Survey seeks public’s input on schools leader
Published 3:37 pm Friday, September 5, 2008
FRANKLIN—The first steps of the search for a new school superintendent have begun, including the circulating of a public survey asking for input of traits citizens and school personnel would like to see in the new person heading the school system.
The Franklin School Board agreed last week to produce the survey and distribute it via Web sites and mass mailing, a survey that might shape the sorts of questions asked of superintendent candidates during the interviewing process.
The survey was part of a packet delivered by officials from the Virginia School Boards Association, an advocacy group of the more than 100 school boards thorough the state. Franklin is paying $5,000 plus expenses of between $300 to $700 to the association to assist in the search.
School board members met with VSBA officers last week to review the plan to recruit qualified candidates, a plan that included a sample survey and a proposed timetable for the search, as well as tips for offering a contract to the most desirable candidate. An electronic version of the survey is available on the Franklin Schools Web site (www.franklincity.k12.va.us). Hard copies are available at the school board office on Second Avenue, in the main offices of the three schools within the district, some businesses and the library. The completed survey can be returned to the nearest school, the school board office or mailed to the address listed on the survey.
Questions on the survey ask whether it’s important the successful candidate possess a doctoral degree, have experience as a superintendent, have teaching experience and whether that person is required to live within the boundaries of the school division.
In addition, the survey is intended to ascertain the importance of leadership skills, personal characteristics, board-superintendent relations, staff relations, community relations, school finances and areas of expertise.

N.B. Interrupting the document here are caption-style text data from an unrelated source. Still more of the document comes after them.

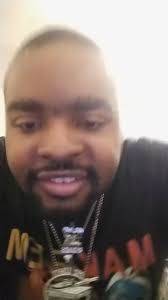 Hercy Miller and Mercy Miller Forever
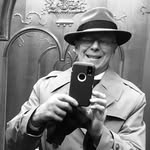 Kenneth E Conard - @kennetheconard - Instagram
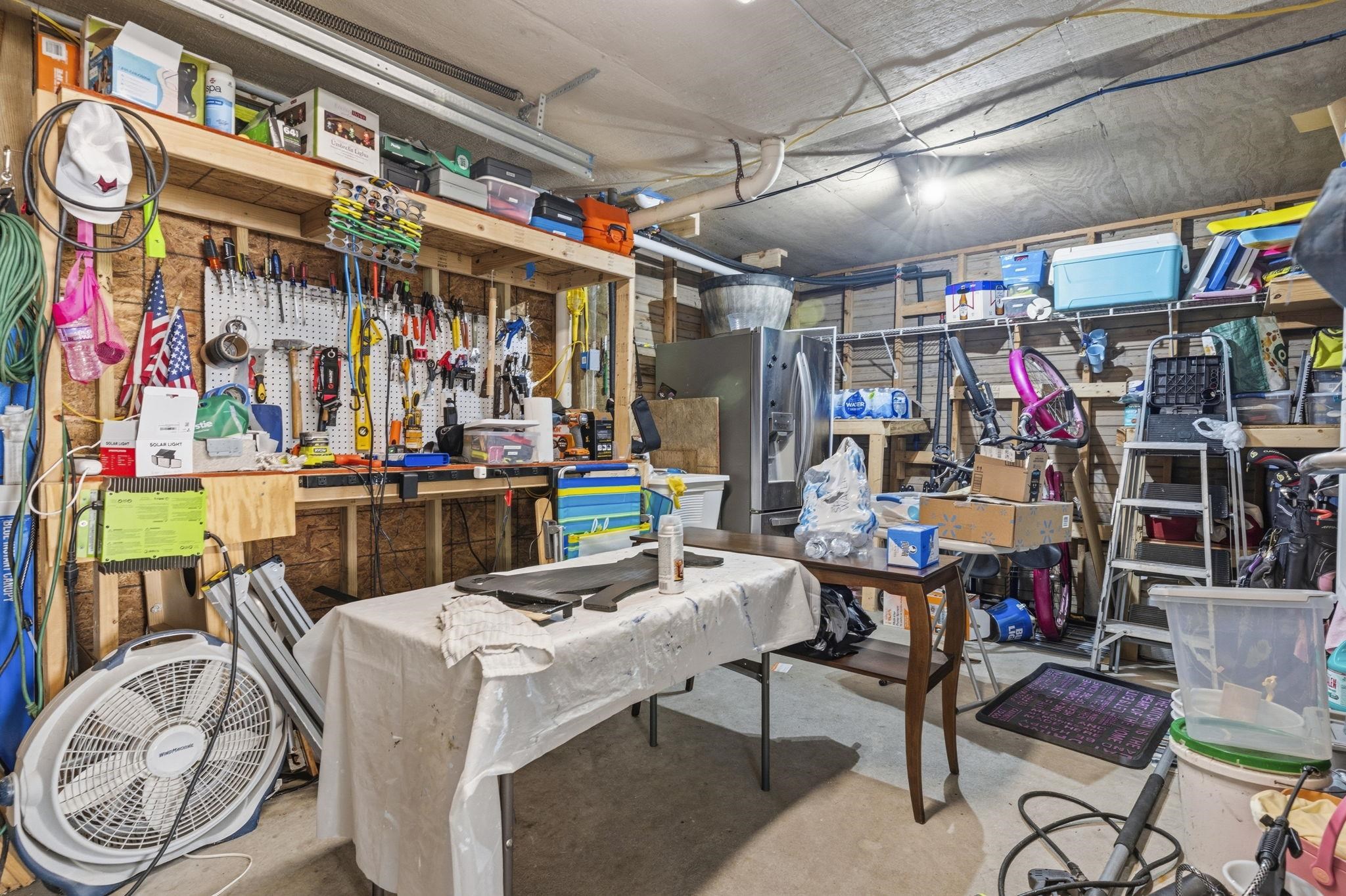 437 Bay Drive Murrells Inlet, SC 29576 - Photo 28 of 39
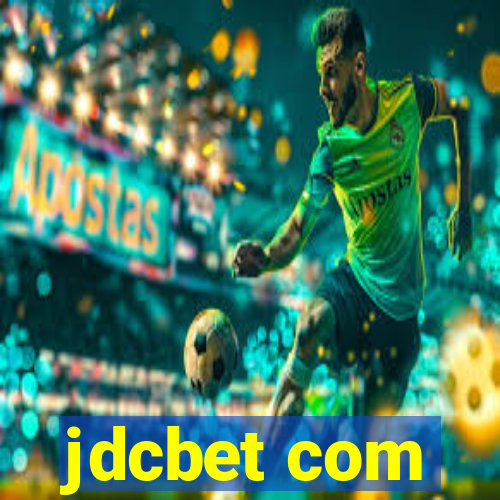 jdcbet com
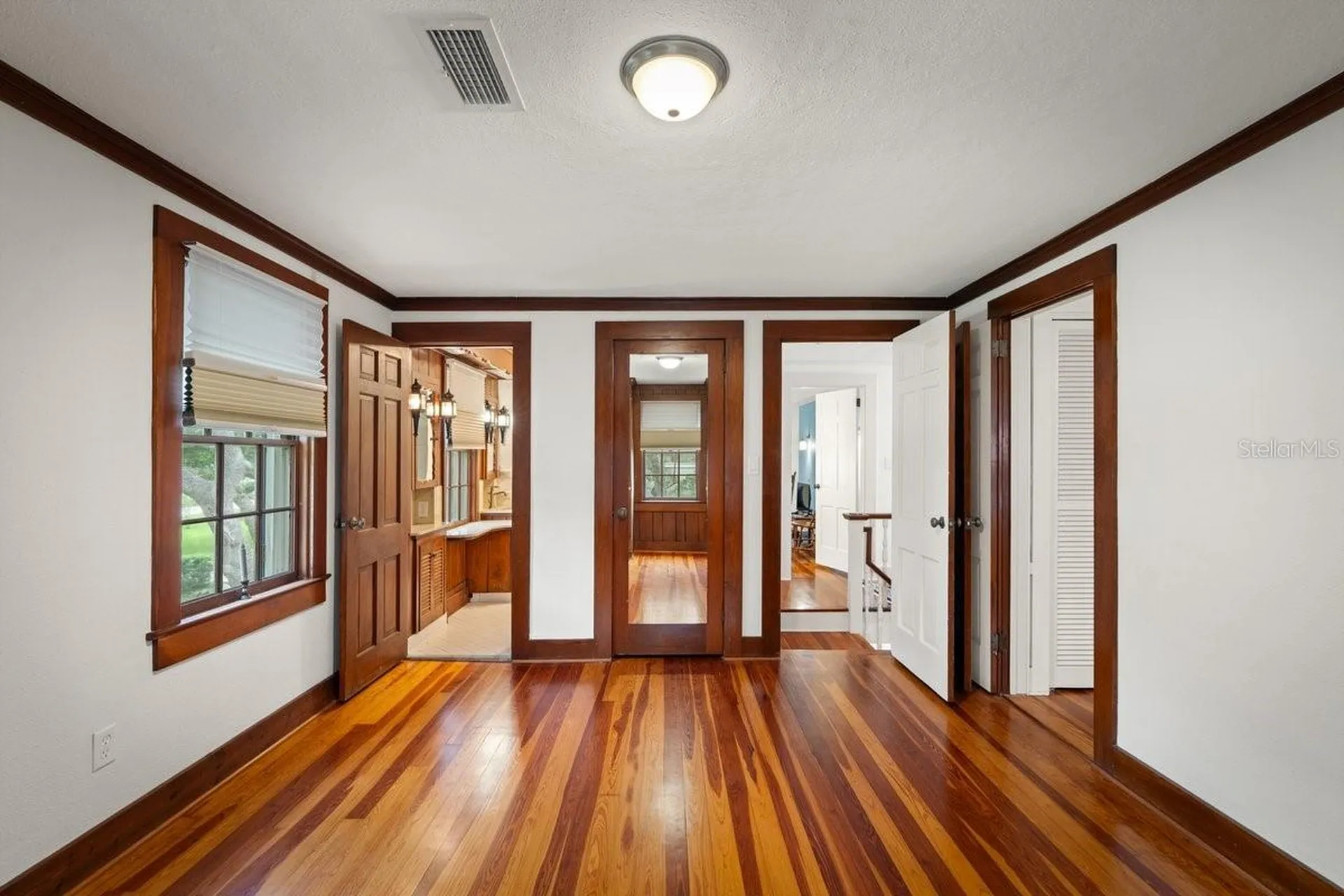 639 & 659 John Anderson Drive Ormond Beach FL 32176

The public’s written input is one part of the preliminary plan adopted by the board.
A second part is a public hearing scheduled for Sept. 16, where members of the public can speak directly to the school board.
Written surveys are also due by Sept. 16, after which the board will assess the responses and use that information to determine questions to be asked of candidates.
Once the public input is collected, the board — with the assistance of the VBSA — will begin screening applications.
Advertisements for the vacancy have been placed in national trade publications.
The plan suggested by VSBA officials calls for substantial public input early in the process, considerable reference-checking in the middle of the process and hardball contract negotiations at the end.
The board has tentatively targeted a December date to announce its hire.
William Pruett, who was hired as interim superintendent in August 2006 and later given a contract that would have taken him through the end of the 2009 school year, announced his retirement in June.
Applications will be accepted through Oct. 15.
Frank E. Barham, executive director of the VBSA, and Gina Patterson, assistant executive director, discussed the plan of attack in the search for a new superintendent. It begins with a “position announcement,” which will be made as soon as promotional materials can be assembled, the board agreed.
Patterson told the board that recruiting for new superintendents “goes on all year long. It’s always happening.”
The VBSA proposal, in a booklet containing nearly 200 pages, includes sample contracts, proposed questions of applicants, suggested public surveys and how to grade the input being generated.
Barham also told board members that Franklin’s position is an attractive one to applicants. He said the city’s proximity to larger towns is a plus, as is available housing. He also said a city division is more desirable than a rural division.